Embree interviewed residents affected by the 2007 Burnaby oil spill and covered the protests on Burnaby Mountain. He journeyed to indigenous communities such as Fort McKay, Alta. to witness the impacts of fossil fuel extraction, to New Brunswick where many of the energy workers are from, and to France for the Paris climate talks.
What he found was a growing storm of opposition from all walks of life and confusion over Prime Minister Justin Trudeau’s climate plan.
The film serves both as a primer and a history lesson on the pipeline project that began as part of former Prime Minister Stephen Harper’s attempt to make Canada an oil superpower. According to Embree, laws were loosened and the approval process streamlined at the bequest of the powerful oil lobby. Embree said everyone thought the tide was changing when the Trudeau Liberals came to power, but now they are pledging tax dollars to entice Texas-based Kinder Morgan to move forward with its plans.
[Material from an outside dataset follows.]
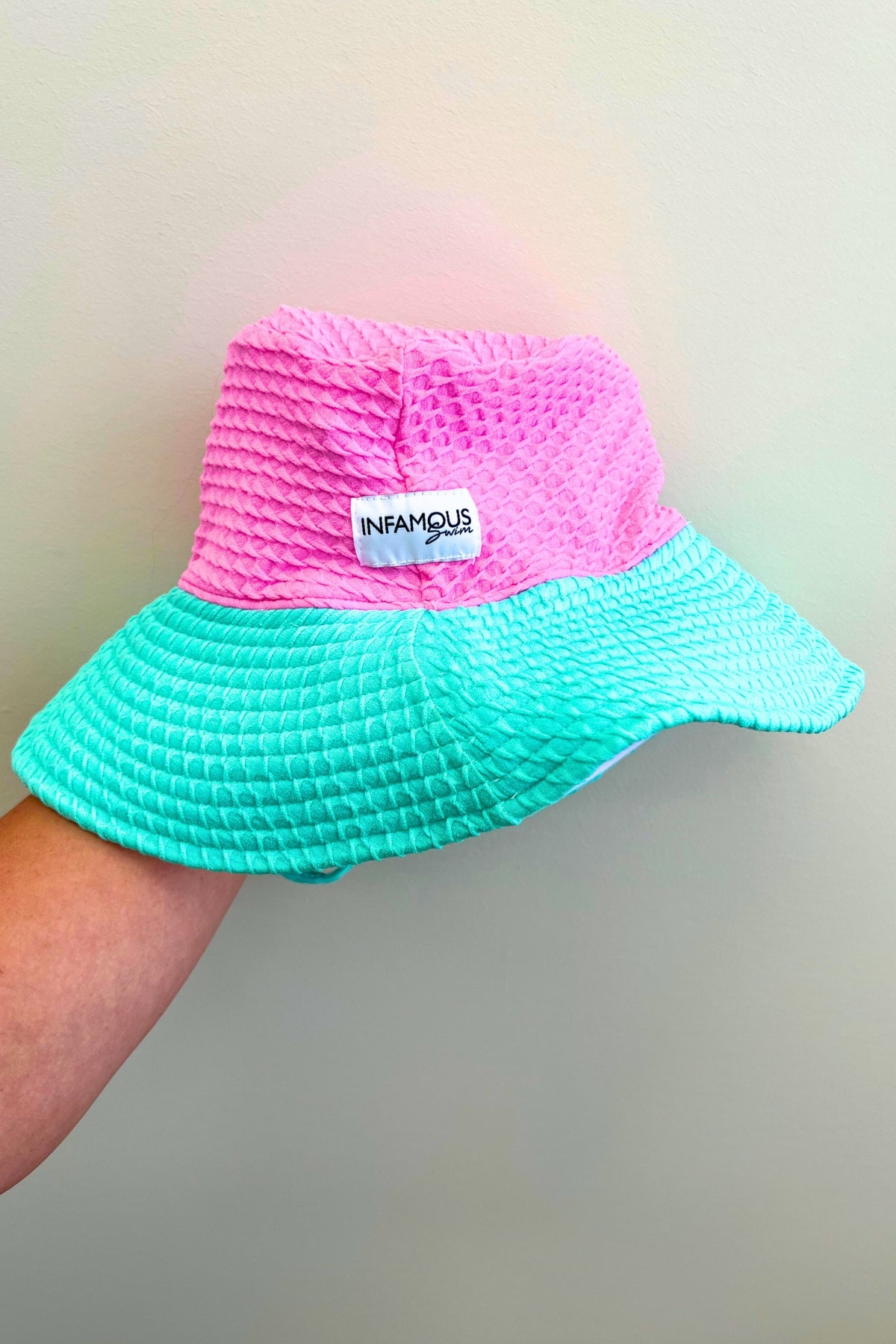 Daisy Swim Hat Adult - Iced Aqua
The dichotomy between the growing impacts of climate change, including floods, fires, severe weather events and ocean acidification and the insatiable demands of the fossil-fuel industry are well covered in the film. As well, Embree documents the economic fallacies behind the bitumen bubble that is poised to burst as alternate energy sources expand exponentially.
Everyone is welcome to attend the screening sponsored by the Sustainable Environment Network Society. Tickets, $10 and $5 for students and seniors, will be available at the door.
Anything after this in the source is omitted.